Французскій академикъ Дюро де-ла-Маль, занимаясь изслѣдованіемъ вопроса о числѣ жителей древняго Рима, доказываетъ, основываясь на трудахъ извѣстнаго географа Данвиля и другихъ ученыхъ, что поверхность города, заключенная въ стѣнахъ Сервія-Туллія, безъ предмѣстій, равняется едва пятой части площади, занимаемой Парижемъ въ 1840 году и обозначаемой таможенною оградой. Потомъ онъ старается опредѣлить, въ которомъ изъ двухъ городовъ народъ жилъ тѣснѣе, исчисляетъ для того пустыя пространства въ Римѣ, площади, Помэрій, священныя рощи, окружавшія храмы и гробницы, форумы, термы, цирки, театры, ломы богачей, представлявшіе въ уменьшенномъ видѣ цѣлые города; разсматриваетъ способъ постройки домовъ, высоту ихъ, расположеніе, внутренніе дворы и сравниваетъ Римъ съ Парижемъ. Стѣны Рима со рвомъ занимали болѣе пространства, чѣмъ парижская каменная ограда, имѣющая не болѣе двухъ Футовъ ширины. Въ Римѣ считалось 275 площадей, въ Парижѣ только 106; въ столицѣ Франціи гораздо-менѣе церквей, нежели въ столицѣ имперіи, гдѣ находилось 424 храма, окруженныхъ священными рощами; за то въ первомъ городѣ множество общественныхъ садовъ и гуляній, которыхъ не было во второмъ. Палаты императоровъ занимали болѣе мѣста, чѣмъ всѣ три королевскіе дворца, вмѣстѣ взятые; улицы въ Парижѣ, вѣроятно, шире, чѣмъ были въ Римѣ.

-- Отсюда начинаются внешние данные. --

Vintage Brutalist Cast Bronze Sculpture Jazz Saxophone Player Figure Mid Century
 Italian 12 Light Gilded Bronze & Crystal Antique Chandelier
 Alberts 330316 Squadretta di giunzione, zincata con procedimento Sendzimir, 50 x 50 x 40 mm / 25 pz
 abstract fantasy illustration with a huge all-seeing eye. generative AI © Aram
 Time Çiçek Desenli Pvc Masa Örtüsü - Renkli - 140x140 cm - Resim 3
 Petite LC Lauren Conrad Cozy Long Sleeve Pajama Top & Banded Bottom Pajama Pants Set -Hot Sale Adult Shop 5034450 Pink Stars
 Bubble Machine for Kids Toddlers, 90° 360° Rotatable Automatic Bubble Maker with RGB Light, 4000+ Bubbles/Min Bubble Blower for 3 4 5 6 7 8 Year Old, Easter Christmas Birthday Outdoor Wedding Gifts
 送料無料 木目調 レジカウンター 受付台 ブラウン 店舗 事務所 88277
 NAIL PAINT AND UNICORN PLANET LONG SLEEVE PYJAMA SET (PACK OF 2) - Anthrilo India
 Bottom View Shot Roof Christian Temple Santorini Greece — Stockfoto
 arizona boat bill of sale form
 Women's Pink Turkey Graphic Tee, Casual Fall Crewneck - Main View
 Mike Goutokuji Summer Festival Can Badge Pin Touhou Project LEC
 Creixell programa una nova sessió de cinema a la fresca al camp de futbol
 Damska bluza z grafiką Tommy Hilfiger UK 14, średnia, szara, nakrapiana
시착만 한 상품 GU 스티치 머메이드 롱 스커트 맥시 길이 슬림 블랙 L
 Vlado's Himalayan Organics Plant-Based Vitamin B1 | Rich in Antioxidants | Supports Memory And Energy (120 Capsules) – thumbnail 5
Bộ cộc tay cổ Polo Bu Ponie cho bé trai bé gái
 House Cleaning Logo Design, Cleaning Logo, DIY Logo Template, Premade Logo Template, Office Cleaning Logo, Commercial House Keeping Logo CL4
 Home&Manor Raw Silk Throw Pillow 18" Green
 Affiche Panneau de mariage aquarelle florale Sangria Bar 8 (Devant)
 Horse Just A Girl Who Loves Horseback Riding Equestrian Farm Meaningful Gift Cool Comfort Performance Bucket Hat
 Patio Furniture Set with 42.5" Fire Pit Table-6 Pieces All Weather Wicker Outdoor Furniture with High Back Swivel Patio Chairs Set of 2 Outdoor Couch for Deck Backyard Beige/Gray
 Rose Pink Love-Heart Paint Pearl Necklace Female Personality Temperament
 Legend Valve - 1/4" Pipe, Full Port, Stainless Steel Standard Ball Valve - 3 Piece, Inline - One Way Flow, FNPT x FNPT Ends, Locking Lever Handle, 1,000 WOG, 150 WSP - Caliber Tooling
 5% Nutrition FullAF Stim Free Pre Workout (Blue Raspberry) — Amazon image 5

Сообразивъ все это, Дюроде-ла Маль думаетъ, что пространство застроенныхъ мѣстъ и незастроенныхъ находилось въ обоихъ городахъ въ одинаковой пропорціи и допускаетъ, наконецъ, а это невѣроятно, что въ Римѣ жили вдвое тѣснѣе, чѣмъ въ Парижѣ. Въ Парижѣ въ 1817 году считалось не болѣе 714,000 жителей; слѣдовательно, въ Римѣ, составлявшемъ при первыхъ императорахъ пятую часть Парижа, безъ предмѣстій, никакъ не могло быть болѣе 267,000 ; а въ Римѣ, окруженномъ стѣнами Авреліана, считая гарнизонъ и иноземцевъ, находилось не болѣе 560,000 человѣкъ. Изъ этого видно, какъ ошибались писатели XVII и XVIII столѣтій, утверждавшіе, что Римъ имѣлъ восемь мильйоновъ, четыре мильйона, а самые умѣренные мильйонъ двѣсти тысячь жителей. Исаакъ Воссій зашелъ далѣе всѣхъ, насчитывая четырнадцать мильйоновъжителей при Веспасіанѣ. До-сихъ-поръ думали, что Римляне, покоривъ значительную часть Азіи, Африки и Европы, осуществивъ идею всемірнаго владычества, имѣли многочисленное населеніе, цвѣтущее земледѣліе и огромныя средства. Разсужденіе казалось справедливымъ, заключеніе совершенно-логическимъ; и однакожь противное, невѣроятное — есть историческій фактъ.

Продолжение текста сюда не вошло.